Dataset content:
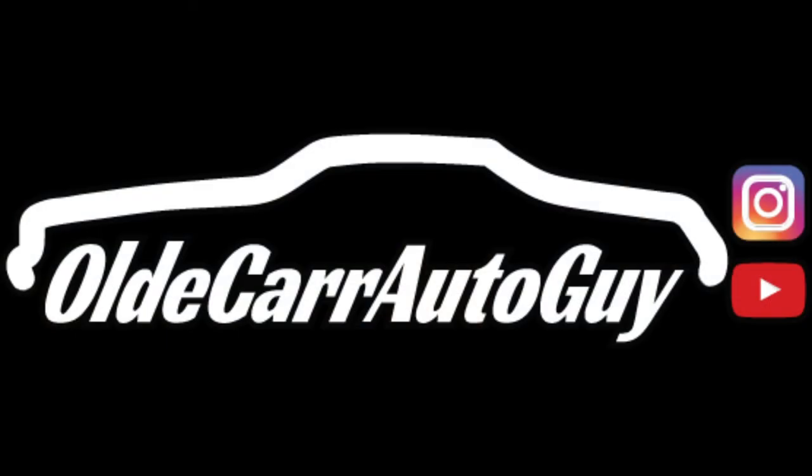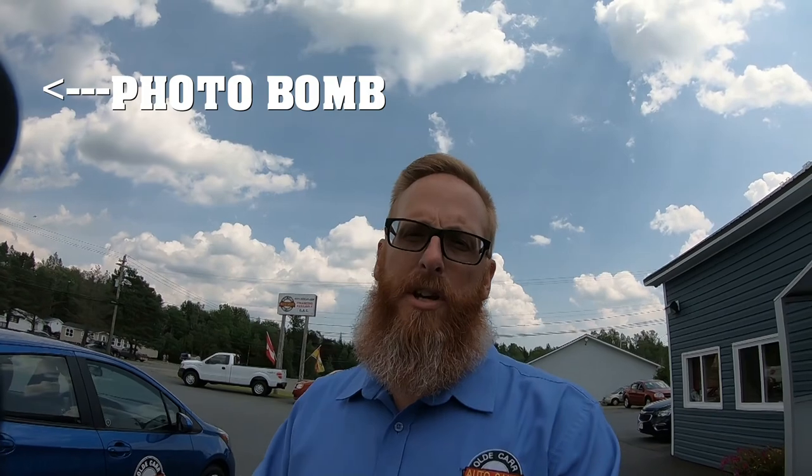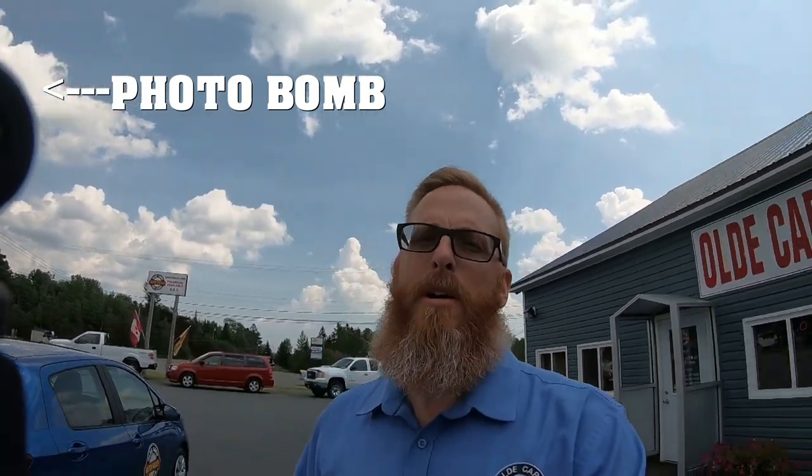Hey guys, welcome back to the channel to your Thursday upload. My name is Jason Carr and you're watching Old Carr Auto Guy. I just got my camera set up with a new Saramonic microphone on my GoPro and I just did a test with it to see what the sound quality difference was. So take a listen to this.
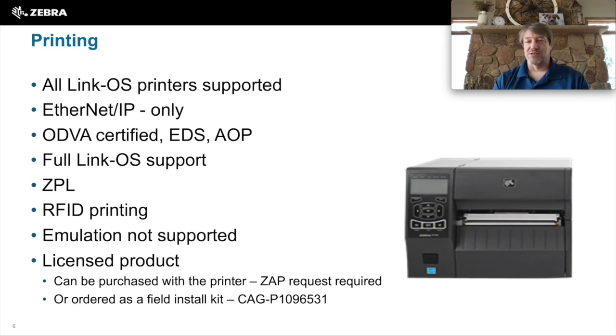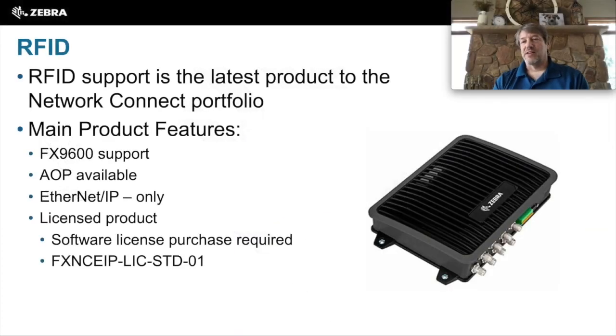It is a licensed product — it does require licensed software to be purchased and loaded onto the printer. If you need to purchase this, it is the CAG-P1096531 product. RFID is the latest introduction to the Network Connect portfolio. The FX9600 will be the supported product. This also does require licensed software to be loaded onto it. If you need that software, it is the FXNCEIP-LIC-STD-01 product.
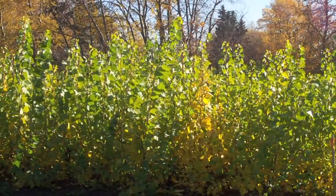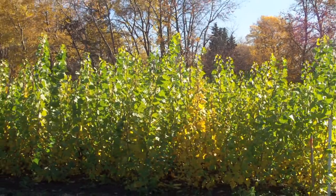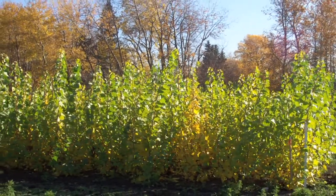Hi, this is Yolanda Vanveen and in this segment I want to talk about where to plant a hybrid poplar tree. Now poplar trees are beautiful trees and they're one of the fastest growing trees in the world. They grow really quickly and they're used very commonly now for paper and for other material and for a fast growing wood that can be turned around and harvested very quickly.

Problem to solve:
Quote, please, every line of the material above from its start through the line that has "It is a licensed", reproducing the words exactly and dropping any images.

Answer for the task:
Hey guys, welcome back to the channel to your Thursday upload. My name is Jason Carr and you're watching Old Carr Auto Guy. I just got my camera set up with a new Saramonic microphone on my GoPro and I just did a test with it to see what the sound quality difference was. So take a listen to this.
It is a licensed product — it does require licensed software to be purchased and loaded onto the printer. If you need to purchase this, it is the CAG-P1096531 product. RFID is the latest introduction to the Network Connect portfolio. The FX9600 will be the supported product. This also does require licensed software to be loaded onto it. If you need that software, it is the FXNCEIP-LIC-STD-01 product.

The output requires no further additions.